I'm not sure if it was an isolated incident, I did tweet about it and had a few people respond saying they hadn't had a similar issue, but the screen on my 8X did seem prone to flickering. Eventually it put me off using the phone at night, for fear of that thing from The Ring crawling out of the display.

Whilst the, rectangular screen is perfect for Windows Phone 8 and the live tile format in portrait, it isn't what I prefer for watching movies or other media when in landscape.



The 1.5 GHz dual core processor and Qualcomm MSM8960 Snapdragon chipset give this handset as much punch as a concrete fisted Mike Tyson.

The inclusion of Beats Audio was a big pull for me, alas there are no Beats earphones as with some other previous handsets. Whilst there is a distinct difference between the audio quality when Beats is turned on or off, if seems to me to just be, primarily, a volume boost. 

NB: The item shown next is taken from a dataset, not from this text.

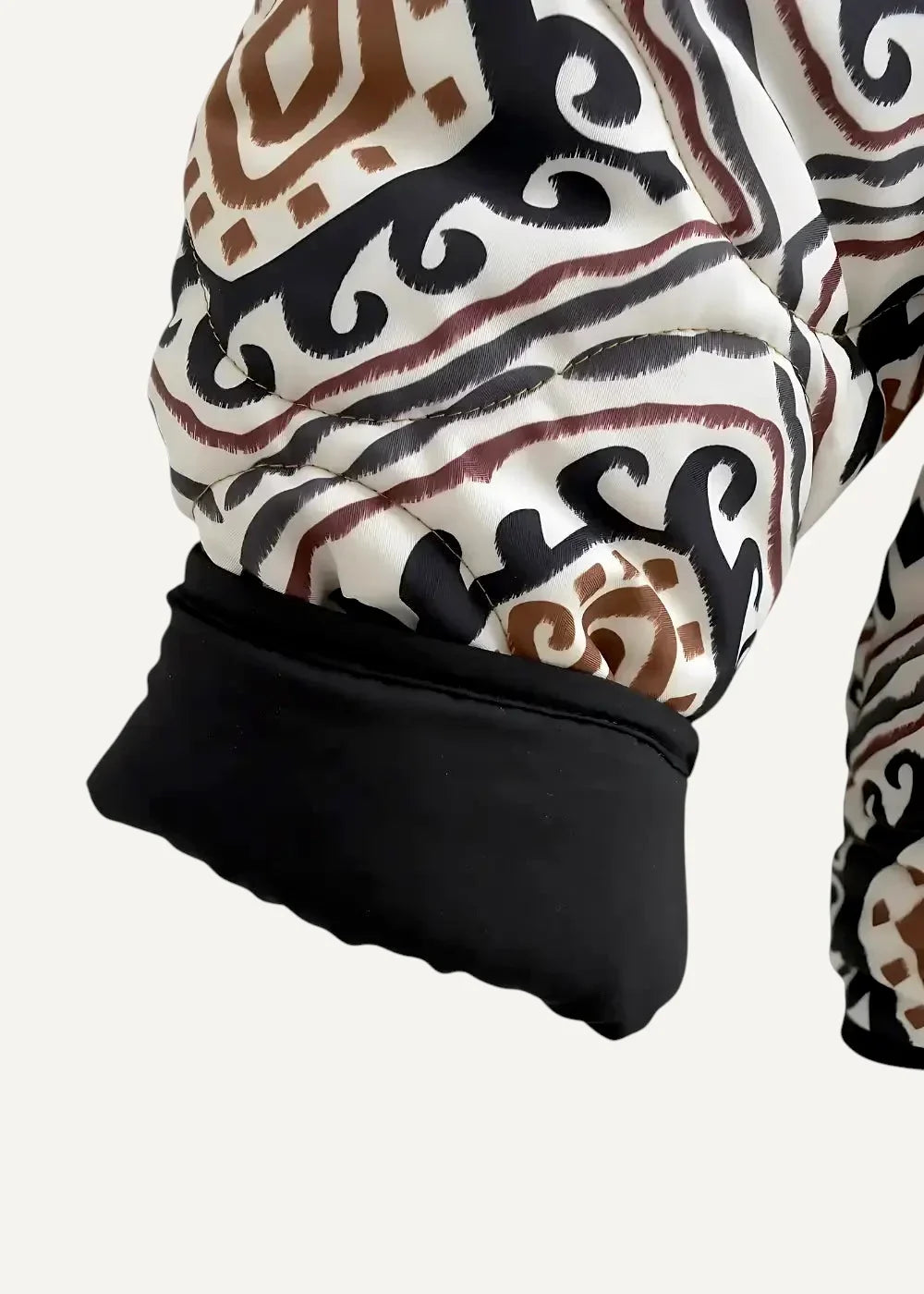 White quilted pants with black and brown tribal patterns and soft black elastic cuff from black haori collection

The 8MP rear snapper, capable of capturing 1080p HD video, is a particular highlight. HTC aren't often renowned for its cameras but I'd say it's a highlight on the 8X.

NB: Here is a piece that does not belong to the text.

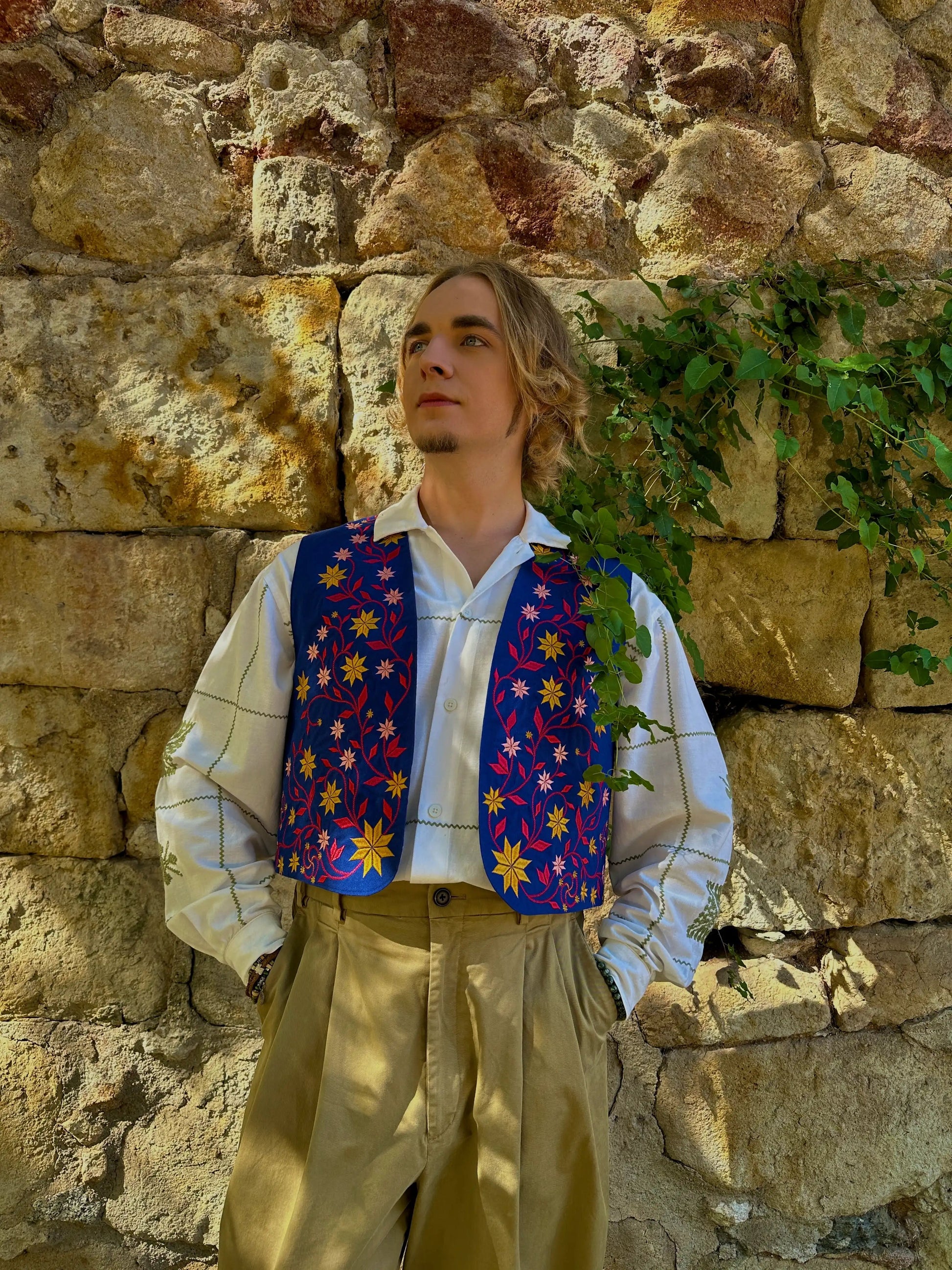 Person wearing a colorful vest and beige pants against a stone wall with greenery.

You can find two full res images, one portrait and one landscape, here and here

There is also a 2.1MP front facer for video calls, which, unlike the equivalent on the iPhone, somehow manages not to stretch your face into an almost unrecognisable state.  


Windows Phone 8

Given the amount of money Microsoft has spent on advertising Windows 8, Windows Phone 8 and the Surface, I was expecting big things and, ultimately, I was left disappointed.

Despite being simple to navigate and operate, i.e. accessing multi-tasking by holding the arrow, it isn't as responsive as it should be. Freezing and lag are common occurrences.

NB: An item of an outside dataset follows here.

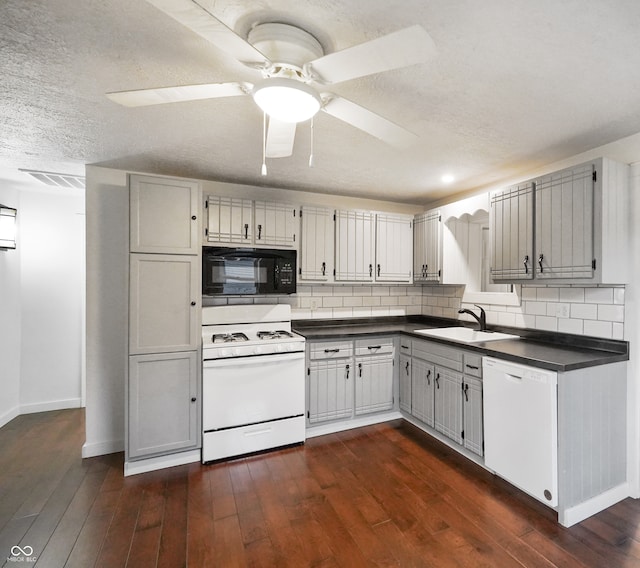 kitchen featuring dark wood-type flooring, sink, white appliances, and tasteful backsplash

There is no doubt Windows Phone 8 is an improvement, an evolution and a stand of independence. However, I don't believe the live tiles (as fun as they are to customise and change colour) offer enough functionality to tempt Android users away from their devices.

As an OS, it feels polished, yet somehow still not fully complete. To me, the main appeal is that it's different to iOS and Android. Not better, just different.

Call Quality

With all the fancy widgets, add-ons and advancements knocking about today, people often forget that the primary use of a smartphone is a voice communication device.

Thankfully, HTC have not forgotten and have put time into ensuring the microphone is placed in the optimum position and is further boosted by an active noise cancellation feature. Perfect for walking around a busy street.

Battery life

My biggest gripe with my iPhone is the battery life. A day I leave my flat without a charger is a day I end up contactless from the afternoon.

Nokia, famed for battery life (granted that's not hard when the 3310 is your flagship device), set a solid mark with the Lumia series and you won't be surprised to hear that HTC fell short of that. Though it beats an iPhone I was expecting the juice in the 8X to stretch a bit further.

A day of medium use and a night's sleep on airplane mode is the most you can expect to get.


Despite a few negatives, add a few more thousand apps to the market place and I'd buy one without a second thought. The aesthetics, quirkiness and simplicity of the OS, collaborative possibilities and camera are more than enough to sell the HTC 8X to me.


That said, if you asked me if it was better than a HTC One X, or iPhone 5, I'd be lying if I said yes. This is another phone that is all about personal preference but in terms of Windows Phones, this is the one I would pick, even over the Lumia 920.